Once we got that he asks what gives rise to desire. So now here he talks about thinking. When the mind thinks about something. So, there you are in your posture, and suddenly you're in Acapulco. It's just arisen, the desire to get away, the desire to be on holiday. Off you go. Or you remember something, something somebody said to you today which has irritated you. So off you go. "How could you? Who do you think you were?" It's come from a thought.

Now, it says what gives rise to thinking. So now we come to a word which is difficult to translate in the Pali. It's papañca. Papañca just means proliferation. So it's a proliferation arising from a particular conditioning, and it's because of these elaborated perceptions and notions that all these things come.

So if we were to go back on that instead of starting with the hatred and stuff that Saka is asking about, here we have these conditionings within us and they're dormant. They're like programs in a computer, and then a button is pressed and a thought comes up. Some idea comes up. This idea is grasped by the mind and it's worked on. But what's driving it is either this desire, the desire either to get rid of what's unpleasant or to indulge what is pleasant.

So it's just another way of talking about the dependent origination, the psychology of the Buddha. So obviously the way out of that is to catch it at the moment of liking-disliking. So if we can be aware, if we can be awake and see the mind changing, determining something as likeable or dislikeable, there's not a problem because we can stay aloof from that and that's your position in meditation.

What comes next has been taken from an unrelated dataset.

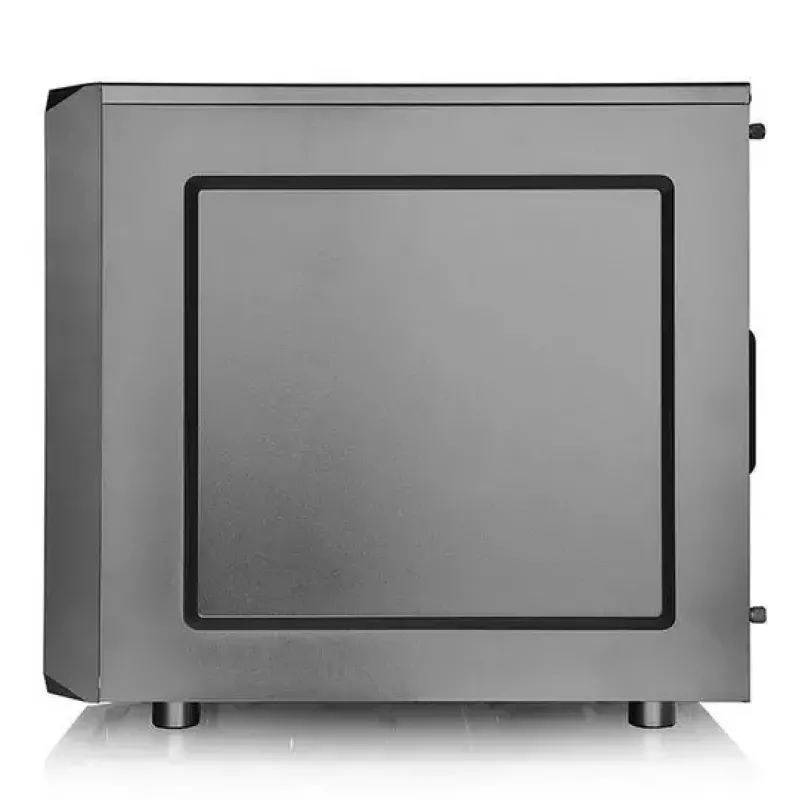PC-Gehäuse Thermaltake VERSA H15 Micro Tower Schwarz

So when you're sitting here like this and say a pain comes or discomfort comes, to catch it at the point of discomfort, there's not a problem. But as soon as you relate to it as not wanting it, then you're in conflict with it.

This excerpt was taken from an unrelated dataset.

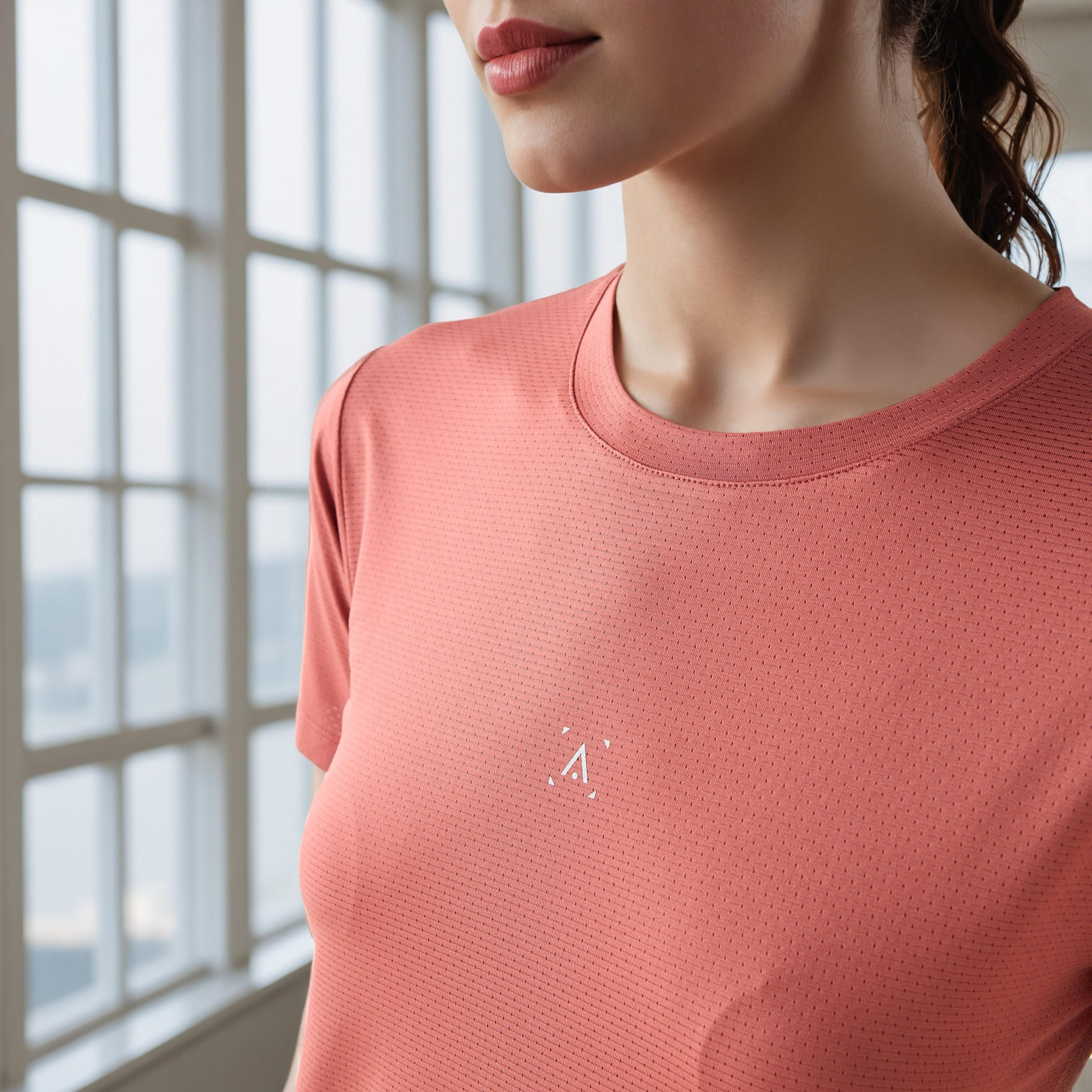 Textured T-shirt-women-clothing-tshirts-image-4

Now I'm not saying, we're not saying that if something really hurts that you can't move, but generally speaking, as soon as we get a little discomfort, off you go. Just watch yourself watching TV. Just catch yourself constantly shifting and moving as the body just feels slight discomfort, off you go. And it's this inability to be at peace with, equanimous with what is discomfort that is creating all this resistance in the psyche. And so whenever something taps into that off you go, hatred and all that stuff.

So this is why we live in hate, harming one another, hostile and as enemies. So it's a case of catching it right at the beginning where the liking and disliking arises and then just catching that wanting, not wanting, and then just allowing that to pass away. And that's how you remain at an even keel.

When something is wholesome, of course, that's not a problem. When something is to our benefit, coming from the heart of goodwill and all that, then we should empower it. That's not a problem. It's those things which are based on not liking, those things based on a wrong desire, seeking happiness in the sensual world. Real happiness, that is.

I can only hope my words have been of some assistance. May you, by your careful discrimination, exit from all suffering sooner rather than later. Thank you very much.